Could you transcribe all of the data exactly and skip any pictures?

SUPPLIED DATA START

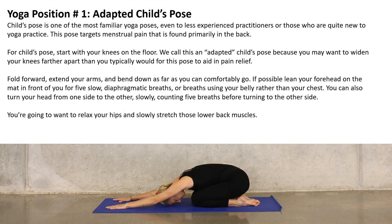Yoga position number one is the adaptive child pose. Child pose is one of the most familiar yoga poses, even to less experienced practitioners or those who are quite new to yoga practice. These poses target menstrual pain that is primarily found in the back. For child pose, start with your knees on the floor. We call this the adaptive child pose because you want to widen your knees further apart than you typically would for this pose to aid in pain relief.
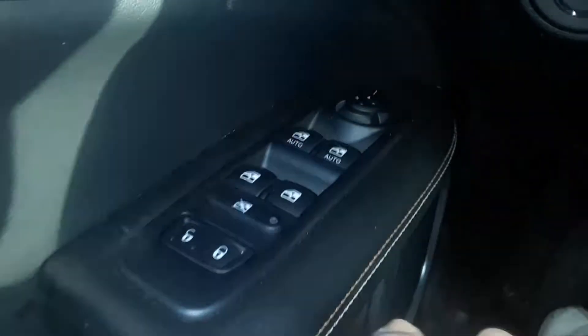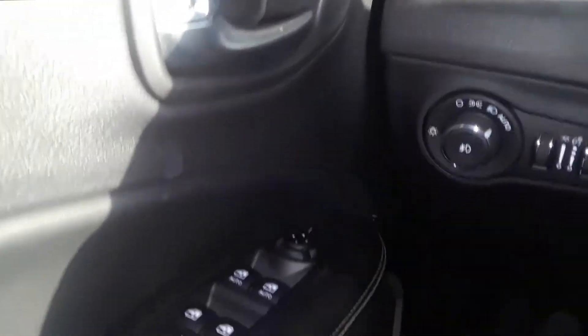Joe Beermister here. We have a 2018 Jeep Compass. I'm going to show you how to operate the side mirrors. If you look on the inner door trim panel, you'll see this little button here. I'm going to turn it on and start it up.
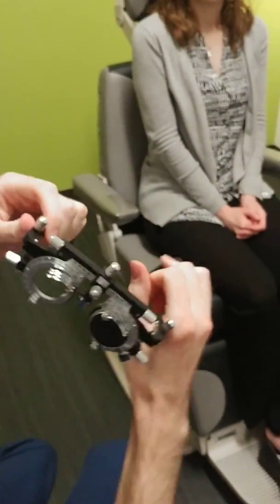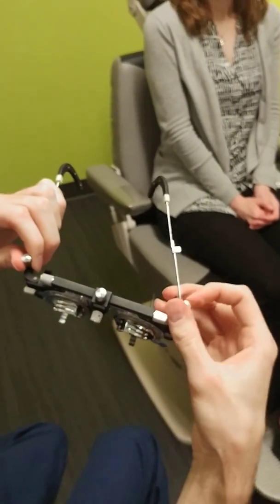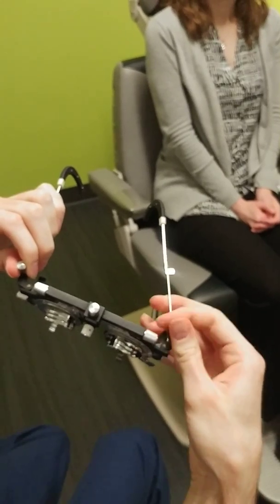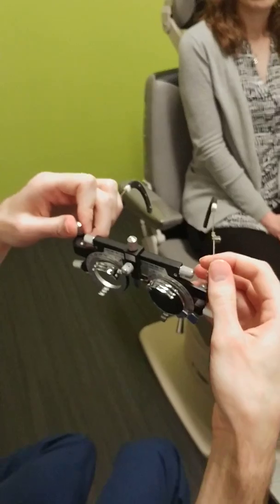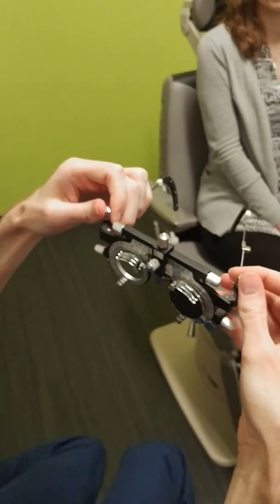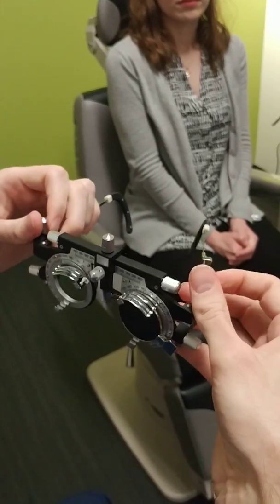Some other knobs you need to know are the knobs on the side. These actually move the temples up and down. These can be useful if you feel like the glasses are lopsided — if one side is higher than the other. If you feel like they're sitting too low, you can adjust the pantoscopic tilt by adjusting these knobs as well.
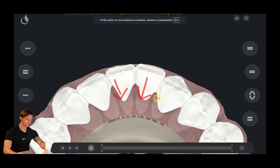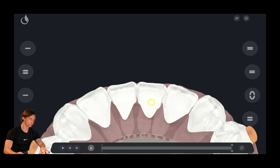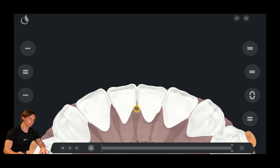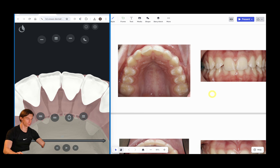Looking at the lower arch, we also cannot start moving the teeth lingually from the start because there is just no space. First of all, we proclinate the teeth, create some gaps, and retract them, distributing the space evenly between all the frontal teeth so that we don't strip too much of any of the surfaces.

SUPPLIED DATA END

= ANSWER TO THIS EXERCISE =
Yoga position number one is the adaptive child pose. Child pose is one of the most familiar yoga poses, even to less experienced practitioners or those who are quite new to yoga practice. These poses target menstrual pain that is primarily found in the back. For child pose, start with your knees on the floor. We call this the adaptive child pose because you want to widen your knees further apart than you typically would for this pose to aid in pain relief.
Joe Beermister here. We have a 2018 Jeep Compass. I'm going to show you how to operate the side mirrors. If you look on the inner door trim panel, you'll see this little button here. I'm going to turn it on and start it up.
Some other knobs you need to know are the knobs on the side. These actually move the temples up and down. These can be useful if you feel like the glasses are lopsided — if one side is higher than the other. If you feel like they're sitting too low, you can adjust the pantoscopic tilt by adjusting these knobs as well.
Looking at the lower arch, we also cannot start moving the teeth lingually from the start because there is just no space. First of all, we proclinate the teeth, create some gaps, and retract them, distributing the space evenly between all the frontal teeth so that we don't strip too much of any of the surfaces.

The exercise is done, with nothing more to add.